A Haïti, sur 7 millions d’habitants, il y aurait entre 250000 et 300000 enfants esclaves -les restavecs- dont 80 % de filles. Ils ont droit à un repas par jour et aucun salaire. La famille Duvalier ayant pris l’habitude, en 1983, de “contracter” annuellement avec la république Dominicaine 20000 coupeurs de canne pour 2 millions de dollars, les usines d’Etat dominicaines, dont 80 % de la production part aux Etats-Unis, ont un besoin vital de cette main d’œuvre haïtienne. C’est l’armée qui se charge de son “recrutement” et du contrôle des camps. Pour quatorze heures de travail par jour, les journaliers sont logés, nourris et payés 2 dollars la tonne (1 à 1,5 tonne coupée par jour ).

Une restavec lave la vaisselle en Haïti

Le 12 février 2005, un reportage de la journaliste anglaise Hilary Anderson était diffusé par la BBC sur l’esclavage au Niger. “En arrivant, écrit-elle, je ne pouvais pas imaginer qu’au 21e siècle l’esclavage puisse exister sur une telle échelle. En partant, il me parut impossible qu’il disparaisse en une seule génération.” En Mauritanie, il y aurait entre 90000 et 300000 esclaves. Au Soudan, les marchés aux esclaves ont réapparu. Un fusil automatique s’échange contre cinq à six enfants. Une mère et son enfant se vendent 90 dollars. Au Darfour, depuis 1983, des milliers de femmes et d’enfants ont été réduits en esclavage par les milices musulmanes soudanaises après que les hommes eurent été abattus. Selon l’ONU, 200000 enfants du Bénin font chaque année l’objet de trafic avec la Côte d’Ivoire, le Togo, le Nigéria et même l’Afrique du Sud. Les filles servent de domestiques. Les garçons travaillent dans les plantations de café et de cacao. Au Ghana, 4000 filles, les tokosi ou “esclaves des dieux”, sont “utilisées” par les sorciers.
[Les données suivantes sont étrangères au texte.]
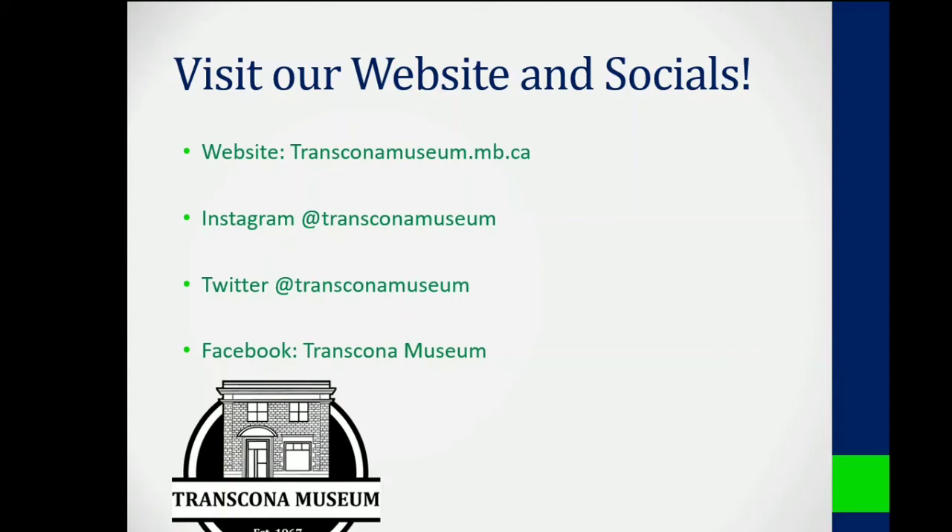You can also visit us on social media: Instagram at Transcona Museum, Twitter at Transcona Museum, and Facebook under Transcona Space Museum. Thank you so much for watching again. Subscribe and we'll see you again some other time.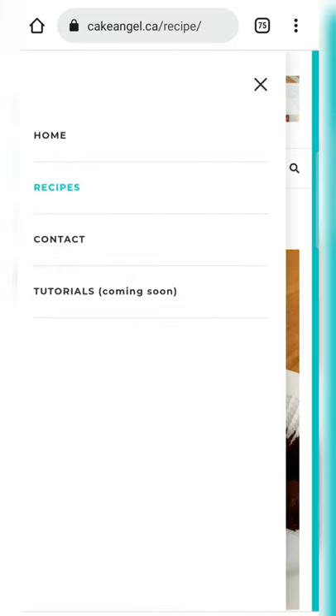I'll also be adding a tutorial section in the coming weeks with cookie decorating videos and royal icing too. So head on over to cakeangel.ca and let me know what you think of the website.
En Asie, le servage lié à l’endettement ou à l’industrie du sexe concerne plus de dix millions d’individus. En Inde, entre 200000 et 300000 enfants kidnappés travaillent quatorze heures par jour à tisser des tapis pour un morceau de pain et d’oignon. Souvent, ils servent de garantie pour une dette familiale qui peut se transmettre sur plusieurs générations. Ils sont 500000 au Pakistan et 200000 au Népal dans la même situation. L’ONG anglaise Anti-Slavery International estime à 27 millions le nombre d’esclaves dans le monde. Ce qui est sans importance pour Mmes Taubira et Beyala, ou pour Mr M’Bala-M’Bala et ses amis. Seule compte la vision mythifiée d’un esclavagisme européen qui leur sert de fonds de commerce idéologique et permet d’entretenir ce dolorisme indispensable à l’expansion de l’imposture multiraciale.